[GIVEN MATERIAL — start]

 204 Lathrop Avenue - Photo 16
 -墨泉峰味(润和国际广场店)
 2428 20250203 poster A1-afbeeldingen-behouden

[GIVEN MATERIAL — finish]

EXERCISE INSTRUCTIONS ->
Repeat the entire listing exactly.

YOUR SOLUTION ->
 204 Lathrop Avenue - Photo 16
 -墨泉峰味(润和国际广场店)
 2428 20250203 poster A1-afbeeldingen-behouden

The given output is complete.